» Work order: Exactly and only the lines below from the one containing "澳门正版资料免费更新澳门，探索与体验，澳门正版资料更新探索与体验之旅" down to the one containing "sehen. (8) Starcraft" are wanted, both included; please exclude every picture.
─── Dataset content
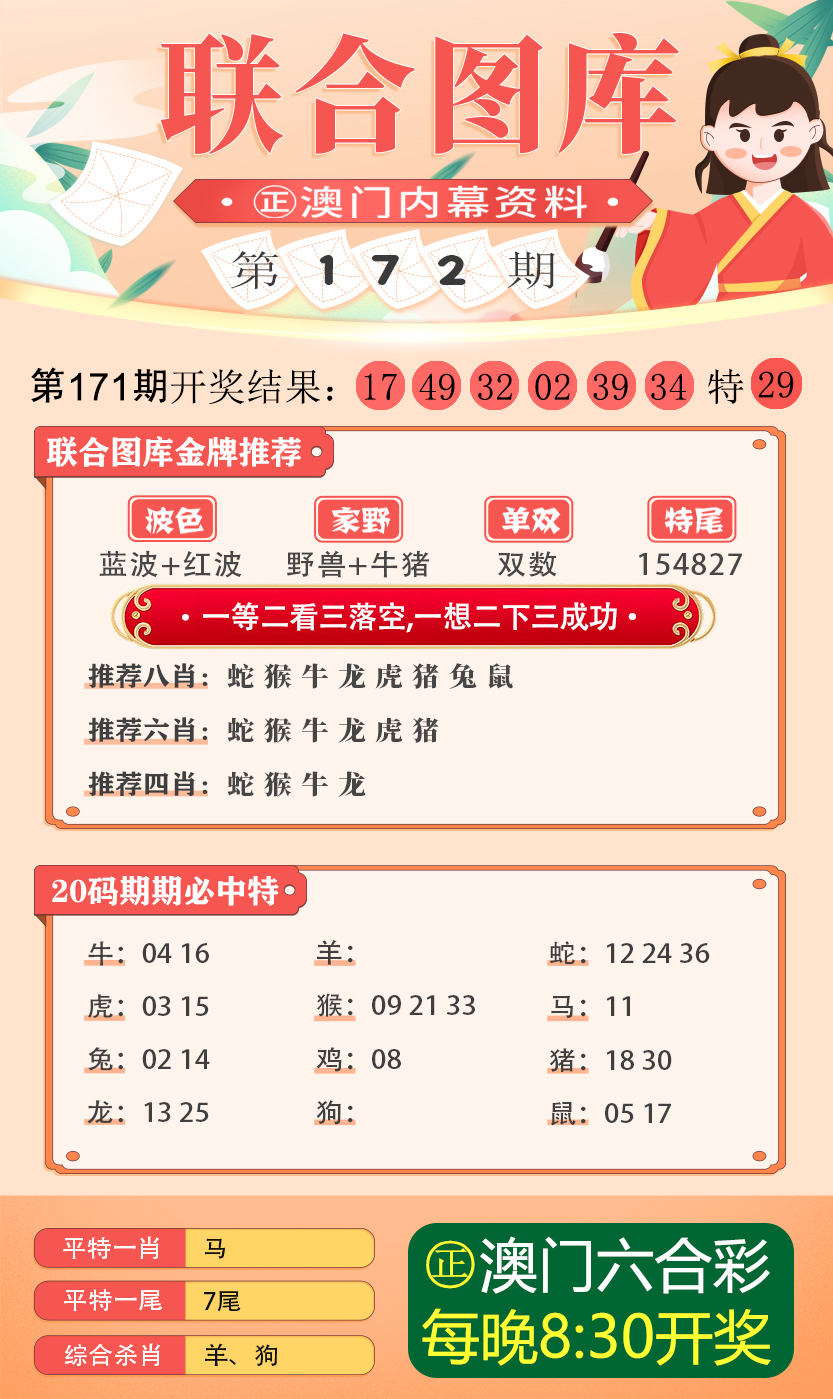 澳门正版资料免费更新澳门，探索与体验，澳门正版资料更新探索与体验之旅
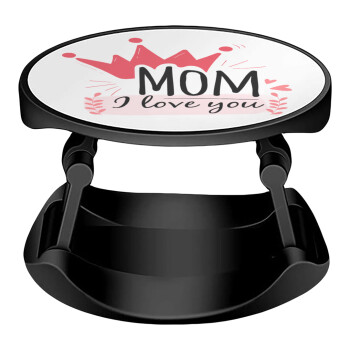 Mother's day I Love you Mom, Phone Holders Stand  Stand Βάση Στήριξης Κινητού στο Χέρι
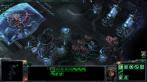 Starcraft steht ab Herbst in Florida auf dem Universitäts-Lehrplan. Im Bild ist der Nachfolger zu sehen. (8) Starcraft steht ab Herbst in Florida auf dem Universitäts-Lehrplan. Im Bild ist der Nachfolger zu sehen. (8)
──────
─── Dataset content
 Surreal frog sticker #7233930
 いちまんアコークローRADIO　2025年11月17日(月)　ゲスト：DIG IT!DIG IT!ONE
──────
» Output of the task:
 澳门正版资料免费更新澳门，探索与体验，澳门正版资料更新探索与体验之旅
 Mother's day I Love you Mom, Phone Holders Stand  Stand Βάση Στήριξης Κινητού στο Χέρι
 Starcraft steht ab Herbst in Florida auf dem Universitäts-Lehrplan. Im Bild ist der Nachfolger zu sehen. (8) Starcraft steht ab Herbst in Florida auf dem Universitäts-Lehrplan. Im Bild ist der Nachfolger zu sehen. (8)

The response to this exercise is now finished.